De Wachter: "Het lijkt mij dat narcisme misschien wel de overlevingsstrategie is van de succesvolle mens in de borderlinetijd. Daar pleit ik niet voor, want die strategie is niet goed. Maar narcisme houdt wel een zekere stabiliteit in. Alles verandert en gaat voorbij, maar de narcist met zijn grandiositeit blijft zichzelf. De wereld doet van alles, maar ik hou vol, ik ben fantastisch!"

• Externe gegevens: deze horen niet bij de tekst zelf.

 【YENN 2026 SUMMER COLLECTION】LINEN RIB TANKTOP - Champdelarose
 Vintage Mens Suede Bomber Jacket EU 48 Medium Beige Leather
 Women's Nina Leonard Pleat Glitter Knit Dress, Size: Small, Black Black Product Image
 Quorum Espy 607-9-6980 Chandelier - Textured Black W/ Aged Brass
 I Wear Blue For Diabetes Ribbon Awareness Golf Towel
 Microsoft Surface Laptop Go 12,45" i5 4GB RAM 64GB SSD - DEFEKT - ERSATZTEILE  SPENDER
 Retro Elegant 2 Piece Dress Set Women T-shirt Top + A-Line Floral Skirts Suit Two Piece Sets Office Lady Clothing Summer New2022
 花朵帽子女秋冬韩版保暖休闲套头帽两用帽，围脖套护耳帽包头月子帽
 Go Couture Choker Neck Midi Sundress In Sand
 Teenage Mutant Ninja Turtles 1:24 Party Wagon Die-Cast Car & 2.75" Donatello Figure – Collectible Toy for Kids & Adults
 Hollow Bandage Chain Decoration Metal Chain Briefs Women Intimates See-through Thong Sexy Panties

Dat duurt zolang het duurt, de narcist is nooit zo fantastisch als hij zelf denkt en zal vroeg of laat met tegenslag te maken krijgen. De Wachter: "Een narcistische defensie - zo noemen we dat dan in ons jargon - is broos. Een narcist zwelt zichzelf op, maar kan als een ballon doorgeprikt worden."

Redelijk zeldzaam

Het mechanisme van opblazen en doorprikken wordt weerspiegeld in de media van nu, die narcisten erg zichtbaar maken. Ze worden aanvankelijk beloond met aandacht en bewondering, maar na de ophemeling worden ze weer net zo hard neergehaald. De Wachter: "Deze borderlinemaatschappij heeft de neiging om het narcisme op te pompen. Wat doen de media? Zij verheerlijken ego's. Neem Dominique Strauss-Kahn. Tot voor enkele jaren kon men niet succesvoller zijn dan DSK. Maar een gezwollen ego van hier tot ginder. Door een stommiteit, die toch ook structureel was, werd hij afgeschoten. Dat is toch ook het lot van een narcist in deze wereld."

Alles overziend is het dus zeer de vraag of de narcistische persoonlijkheidsstoornis de laatste tijd meer voorkomt. Dat sommige narcisten voor hun opgeblazen gedrag veel aandacht krijgen - hallo Kanye - wil nog niet zeggen dat er tegenwoordig méér zijn. En dat mensen erg met zichzelf bezig zijn en dat etaleren in de sociale media - hallo Kim - maakt ze nog niet tot narcisten. We hebben vooralsnog niet met een narcisme-epidemie te maken, het is nog altijd een redelijk zeldzame persoonlijkheidsstoornis. Een narcist zijn, is niet gewoontjes. Het zal een narcist genoegen doen om dat te horen.